| 25 Jan 2025 |
zowoq | No, the buildbot badge plugin doesn't work with buildbot-nix. | 01:26:37 |
Roberto Abdelkader Martínez Pérez | Ah, got it, thanks for the info! | 01:34:11 |
Roberto Abdelkader Martínez Pérez | Sorry to ask again, but I’d like to enable Mergify for my repository and I'm not sure if it's already enabled organization-wide. Do I just need to add a .mergify.yml file to the root of my repo, or do the admins need to perform any additional setup? | 02:19:32 |
zowoq | Only needs to be approved by an admin, it doesn't require any additional setup. We can't enable it org wide as it adds status checks to every repo. | 02:28:06 |
Roberto Abdelkader Martínez Pérez | zowoq: Could you please enable Mergify for my repository autofirma-nix? Thanks! | 02:36:01 |
zowoq | Done. | 02:37:40 |
Roberto Abdelkader Martínez Pérez |  Download image.png | 03:04:08 |
Roberto Abdelkader Martínez Pérez | zowoq: Thanks for enabling Mergify. However, Merge Queue and Workflow Automation are still disabled (see attached screenshot). Could you please enable both? | 03:04:33 |
zowoq | Enabled. Didn't know those were options and that they aren't the default. | 04:12:01 |
Roberto Abdelkader Martínez Pérez | Thank you! | 10:50:57 |
SomeoneSerge (back on matrix) | Yes, although I'm now reflecting whether runtime tests (which we need the GPU instance for) should be the first priority if the goal is to ensure stability of GPU-accelerated software.
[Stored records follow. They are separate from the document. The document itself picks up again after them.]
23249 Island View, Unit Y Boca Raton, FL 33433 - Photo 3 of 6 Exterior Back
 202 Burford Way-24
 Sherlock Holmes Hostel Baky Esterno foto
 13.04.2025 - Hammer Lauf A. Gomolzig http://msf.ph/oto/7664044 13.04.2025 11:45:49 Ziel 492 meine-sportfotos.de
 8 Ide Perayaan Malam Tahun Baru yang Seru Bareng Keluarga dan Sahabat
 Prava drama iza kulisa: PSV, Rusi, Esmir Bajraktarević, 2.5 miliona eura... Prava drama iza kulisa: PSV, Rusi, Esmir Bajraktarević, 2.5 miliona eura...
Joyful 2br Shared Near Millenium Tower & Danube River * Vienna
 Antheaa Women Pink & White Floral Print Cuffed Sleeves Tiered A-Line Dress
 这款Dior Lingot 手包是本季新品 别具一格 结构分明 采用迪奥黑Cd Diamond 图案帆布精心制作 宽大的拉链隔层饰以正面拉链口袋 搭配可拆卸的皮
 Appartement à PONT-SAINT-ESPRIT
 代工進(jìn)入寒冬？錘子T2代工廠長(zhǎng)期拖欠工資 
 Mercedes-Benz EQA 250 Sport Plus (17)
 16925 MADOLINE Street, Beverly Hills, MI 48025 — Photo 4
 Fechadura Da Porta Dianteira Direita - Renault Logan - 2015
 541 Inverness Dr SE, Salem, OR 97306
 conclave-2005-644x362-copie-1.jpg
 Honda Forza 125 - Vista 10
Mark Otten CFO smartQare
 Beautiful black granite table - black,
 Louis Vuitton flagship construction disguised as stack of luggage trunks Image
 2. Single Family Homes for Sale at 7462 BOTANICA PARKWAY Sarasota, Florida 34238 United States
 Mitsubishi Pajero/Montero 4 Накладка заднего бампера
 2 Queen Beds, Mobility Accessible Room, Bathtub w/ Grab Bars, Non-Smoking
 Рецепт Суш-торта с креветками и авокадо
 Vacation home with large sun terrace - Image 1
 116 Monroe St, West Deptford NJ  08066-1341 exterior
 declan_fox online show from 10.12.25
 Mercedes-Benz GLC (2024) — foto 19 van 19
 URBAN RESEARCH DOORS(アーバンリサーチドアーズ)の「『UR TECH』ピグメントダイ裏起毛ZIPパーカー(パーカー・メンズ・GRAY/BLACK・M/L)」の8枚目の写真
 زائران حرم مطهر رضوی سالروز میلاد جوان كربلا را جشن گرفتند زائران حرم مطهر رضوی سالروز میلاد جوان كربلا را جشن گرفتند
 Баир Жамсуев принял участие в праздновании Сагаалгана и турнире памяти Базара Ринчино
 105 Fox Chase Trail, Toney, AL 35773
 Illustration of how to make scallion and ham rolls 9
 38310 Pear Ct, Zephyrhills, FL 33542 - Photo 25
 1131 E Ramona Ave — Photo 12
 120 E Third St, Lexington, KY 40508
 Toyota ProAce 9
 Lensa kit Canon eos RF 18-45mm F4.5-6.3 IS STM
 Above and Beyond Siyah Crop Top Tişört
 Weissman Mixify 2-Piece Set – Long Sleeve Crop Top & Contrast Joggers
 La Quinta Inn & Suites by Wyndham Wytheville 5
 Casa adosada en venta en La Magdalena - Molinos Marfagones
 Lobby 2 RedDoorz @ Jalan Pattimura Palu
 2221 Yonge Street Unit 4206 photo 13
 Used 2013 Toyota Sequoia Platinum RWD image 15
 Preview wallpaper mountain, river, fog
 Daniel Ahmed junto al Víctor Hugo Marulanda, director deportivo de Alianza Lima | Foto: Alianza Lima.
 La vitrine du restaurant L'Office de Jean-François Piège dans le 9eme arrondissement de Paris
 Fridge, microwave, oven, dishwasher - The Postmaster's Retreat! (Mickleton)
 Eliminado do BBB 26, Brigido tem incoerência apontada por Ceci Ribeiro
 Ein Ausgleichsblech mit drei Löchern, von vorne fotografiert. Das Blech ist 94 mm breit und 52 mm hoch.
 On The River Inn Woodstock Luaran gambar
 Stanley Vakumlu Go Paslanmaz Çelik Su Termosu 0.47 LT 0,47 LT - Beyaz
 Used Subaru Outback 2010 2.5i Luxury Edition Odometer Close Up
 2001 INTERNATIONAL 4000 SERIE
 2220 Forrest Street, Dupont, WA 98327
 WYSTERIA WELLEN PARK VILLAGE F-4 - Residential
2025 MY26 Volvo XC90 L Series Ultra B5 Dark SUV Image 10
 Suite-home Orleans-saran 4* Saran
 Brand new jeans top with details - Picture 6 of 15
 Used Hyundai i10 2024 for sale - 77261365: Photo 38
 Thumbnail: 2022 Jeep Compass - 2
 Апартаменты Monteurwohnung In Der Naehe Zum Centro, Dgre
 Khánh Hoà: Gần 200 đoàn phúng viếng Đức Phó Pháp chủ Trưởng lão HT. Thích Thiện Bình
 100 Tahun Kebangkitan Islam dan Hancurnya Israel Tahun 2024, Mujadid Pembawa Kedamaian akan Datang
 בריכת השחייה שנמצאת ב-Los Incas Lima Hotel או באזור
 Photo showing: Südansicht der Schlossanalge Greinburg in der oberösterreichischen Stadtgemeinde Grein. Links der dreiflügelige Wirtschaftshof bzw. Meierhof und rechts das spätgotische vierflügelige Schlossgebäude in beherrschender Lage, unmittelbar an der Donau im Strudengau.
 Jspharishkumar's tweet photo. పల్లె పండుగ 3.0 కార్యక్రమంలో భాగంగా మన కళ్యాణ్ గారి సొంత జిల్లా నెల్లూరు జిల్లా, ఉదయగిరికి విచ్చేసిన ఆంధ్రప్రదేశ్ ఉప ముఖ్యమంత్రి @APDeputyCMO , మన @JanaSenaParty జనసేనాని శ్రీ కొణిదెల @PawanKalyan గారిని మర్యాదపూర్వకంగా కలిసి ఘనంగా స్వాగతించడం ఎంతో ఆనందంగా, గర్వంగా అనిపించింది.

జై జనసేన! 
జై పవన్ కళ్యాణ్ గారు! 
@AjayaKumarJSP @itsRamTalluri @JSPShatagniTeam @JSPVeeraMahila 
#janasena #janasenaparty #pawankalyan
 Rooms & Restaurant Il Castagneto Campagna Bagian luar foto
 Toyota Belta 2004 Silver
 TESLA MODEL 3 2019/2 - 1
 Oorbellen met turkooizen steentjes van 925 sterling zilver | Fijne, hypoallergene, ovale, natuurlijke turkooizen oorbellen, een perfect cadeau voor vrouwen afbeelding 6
Now that there's a community-funded hydra we can be sure to observe build failures retrospectively, and the public substituter helps with iteration times - it's a big difference compared to the previous state of affairs. Adding the GPU instance, while sounds very cool, would further increase visibility but only for discovering breakages that already happened. Arguably, we'd get a much bigger impact by focusing on integration with the forge now. There are two ways we could integrate with the forge: channel-blocking and OfBorg-like. The former is mostly about working hours: we maintain our own channel, or we enhance the logic that advances the channels so that instead of being triggered by one jobset in the official hydra it could also get a report from an external source, namely the community hydra. The latter, like runtime tests, is about resources: we'd need a CI that can react to on-push events in Nixpkgs to evaluate and build stuff with {cuda,rocm}Support, and we'd need a github action to fetch the report. We don't even need to block PRs, we just need a linting feature that would inform authors that their change also affects the GPU variants of nixpkgs and that they could maybe ping the responsible team | 14:53:46 |
SomeoneSerge (back on matrix) | I imagine that on-push jobs would be a lot more pressure, but as long as we can reasonably argue that this is the right platform to build this kind of CI I think there are a few more sources we can attract to the opencollective | 14:59:23 |
| connor (burnt/out) (UTC-8) joined the room. | 15:32:46 |
| @luxzi:matrix.org changed their display name from luxzi (they/she) to luxzi (she/they). | 20:01:16 |
| 26 Jan 2025 |
emily | Gaétan Lepage: load average on the 10-core Darwin builder is 21.58, trying to fix stdenv | 21:17:55 |
emily | Ihar Hrachyshka: are you running any builds? | 21:21:48 |
Ihar Hrachyshka | emily: I do investigate the llama-cpp-python issue, yes. any issue with that? | 21:23:01 |
emily | the box's load average is ~2× the number of cores so it's pretty overloaded right now. I was going to fire off builds to test fixes for Darwin stdenv for the next staging-next cycle (due in ~2 days), and to try and reproduce the treewide Rust FOD hash replacement and check for any Darwin-specific issues, but it's struggling even as it is | 21:24:09 |
emily | might be good to lower cores/max-jobs though I don't know if it's already overloaded from other builds | 21:24:55 |
Ihar Hrachyshka | emily: ok sorry, I'm obtuse :) you want me to hold off for now? that's fine, I can do something else. | 21:24:59 |
emily | could you just try with lower cores/max-jobs settings maybe? | 21:25:21 |
emily | the default is 10 cores + 10 jobs, which can mean up to ~100 threads on a 10-core processor | 21:25:39 |
emily | the stdenv build will take hours anyway so it's not urgent, but I don't want to throw more jobs at an already overloaded machine | 21:26:08 |
Ihar Hrachyshka | it's 1 job for me. how do I limit the cores? is there a universal recipe or I patch cmake files? | 21:26:25 |
emily | it's --option cores and --option max-jobs in Nix (-j for short on the latter) | 21:28:41 |
emily | that said there are like 6 Python processes using up a huge amount of CPU so if you're only building one package I'm not sure it's the problem :) | 21:29:21 |
Ihar Hrachyshka | I think I know which package it is lol | 21:31:43 |
Ihar Hrachyshka | jax pretty sure | 21:31:48 |
Ihar Hrachyshka | you should probably ask Gaétan Lepage I believe he was looking at this derivation lately and we had some convos around the memory hogging / test timeouts there | 21:32:27 |
emily | ideally the builder would not be unusably overloaded every couple days :( | 21:33:28 |